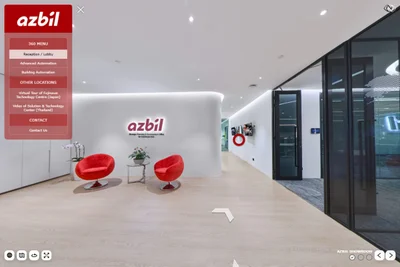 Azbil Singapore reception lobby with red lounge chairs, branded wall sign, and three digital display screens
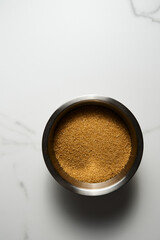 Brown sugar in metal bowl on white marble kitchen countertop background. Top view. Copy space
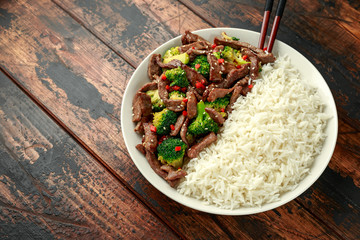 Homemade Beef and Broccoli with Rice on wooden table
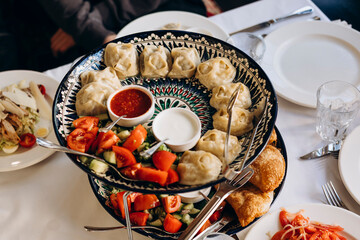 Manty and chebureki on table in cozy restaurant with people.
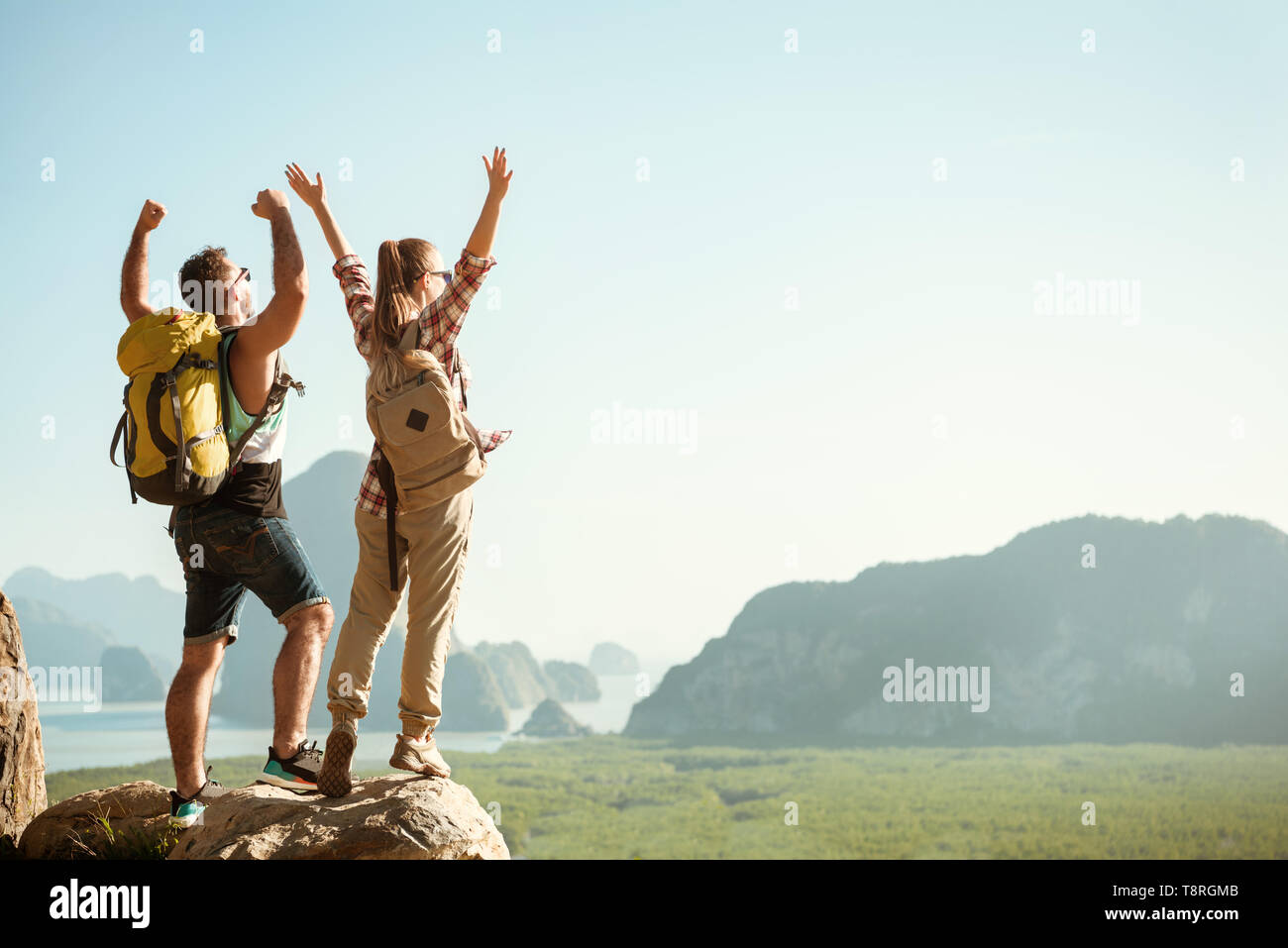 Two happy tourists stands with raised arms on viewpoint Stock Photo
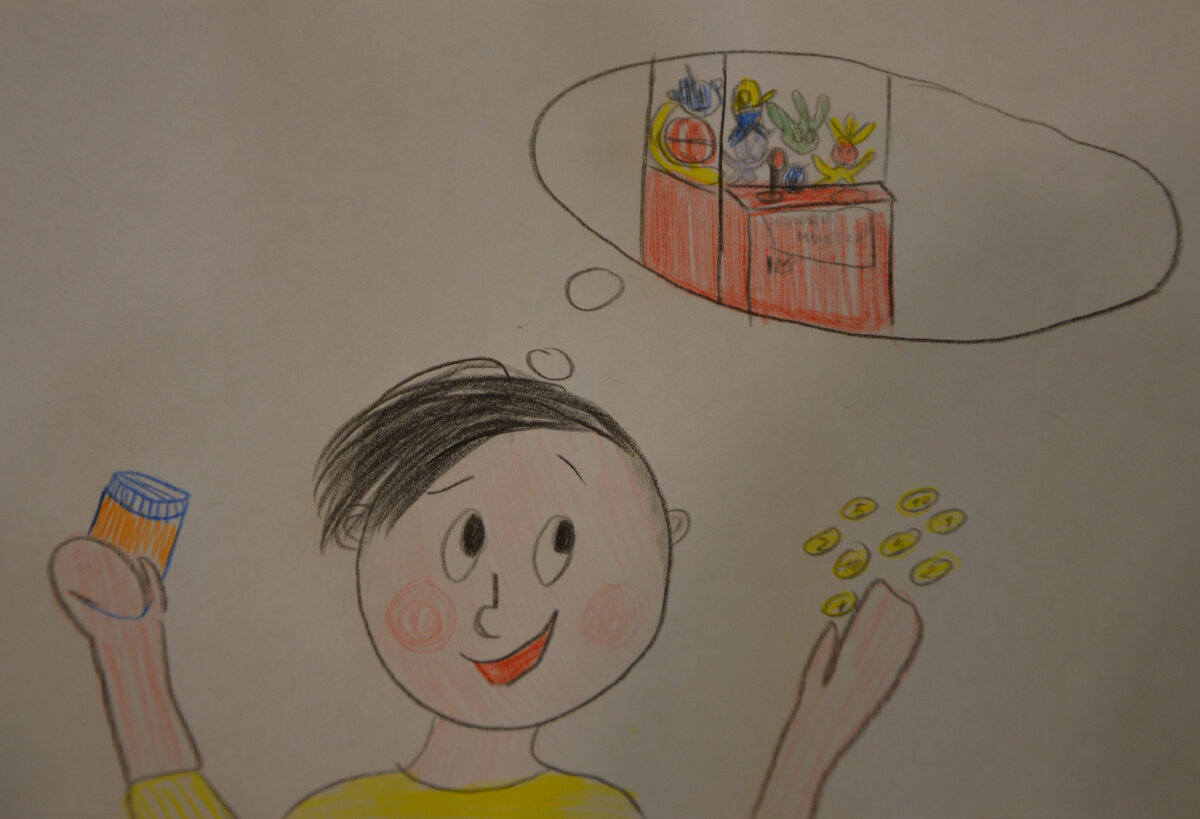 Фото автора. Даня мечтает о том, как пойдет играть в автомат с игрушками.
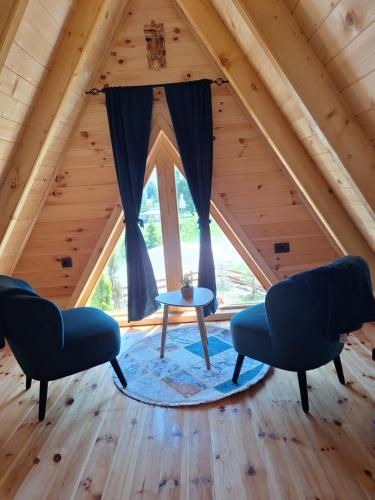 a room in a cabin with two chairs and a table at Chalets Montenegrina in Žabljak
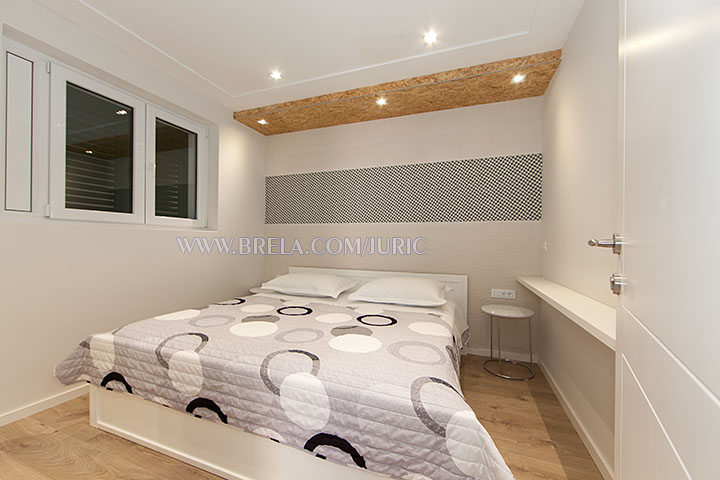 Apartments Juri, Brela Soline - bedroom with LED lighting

## WORK ORDER
Beginning with the line that holds "Homemade Beef and" and continuing to the end of the entries above, set down each line exactly, both ends included; include no pictures.

## ANSWER BOX
 Homemade Beef and Broccoli with Rice on wooden table
 Manty and chebureki on table in cozy restaurant with people.
 Two happy tourists stands with raised arms on viewpoint Stock Photo
 Фото автора. Даня мечтает о том, как пойдет играть в автомат с игрушками.
 a room in a cabin with two chairs and a table at Chalets Montenegrina in Žabljak
 Apartments Juri, Brela Soline - bedroom with LED lighting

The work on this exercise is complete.